Metal Gear Solid: Twin Snakes was the subject of the press conference’s next segment, and a trailer video was shown. The game will have the same Snake that you’ve seen on the PS2, that’s for sure, but other than some guards dying in interesting ways (not by the hands of Snake), the whole thing was rather cryptic and shrouded in mystery. After the video finished up, Denis Dyack came out and talked about what it was like collaborating with Nintendo and Konami while working on the game.
Before the end of the briefing, one final game compilation was shown, with only one game of notable interest, Metroid Prime 2. The only thing that could be seen in the 15 or so seconds of footage was Samus being attacked by a sort of a cloaked red trooper of some kind, which drew oohs and aahs from the crowd.
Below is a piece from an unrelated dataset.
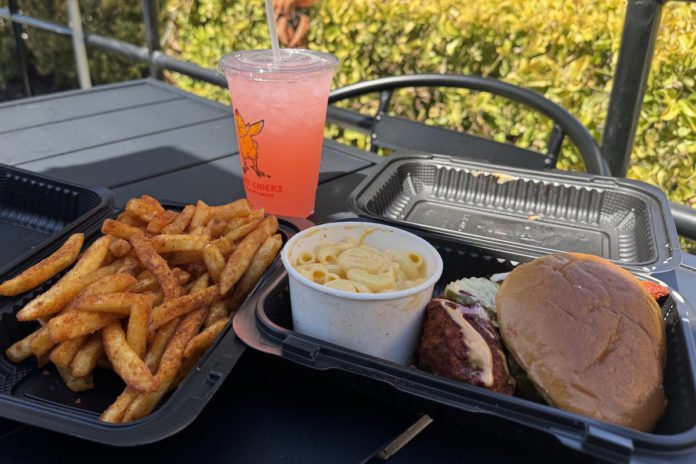 Angry Chickz brings Nashville heat to Fremont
All that was left was the Q&A session, which was dumbed down to six pre-gathered questions. The big question was about Nintendo’s response to Sony’s PlayStation Portable, just announced an hour before. Iwata and Harrison both agreed that with its Q4 2004 release date, unknown price point, and specifications, it doesn’t expect much of a threat from it. Other nuggets revealed that 40 % of GC owners are over 18, online gaming in general has yet to see a killer-app, and Nintendo sees no reason why it would need to price drop.
That was all for Nintendo’s press conference for 2003. Remember, we’ll have in-depth coverage for all the games covered during the press conference, as well as all of Nintendo’s new games throughout the rest of the week.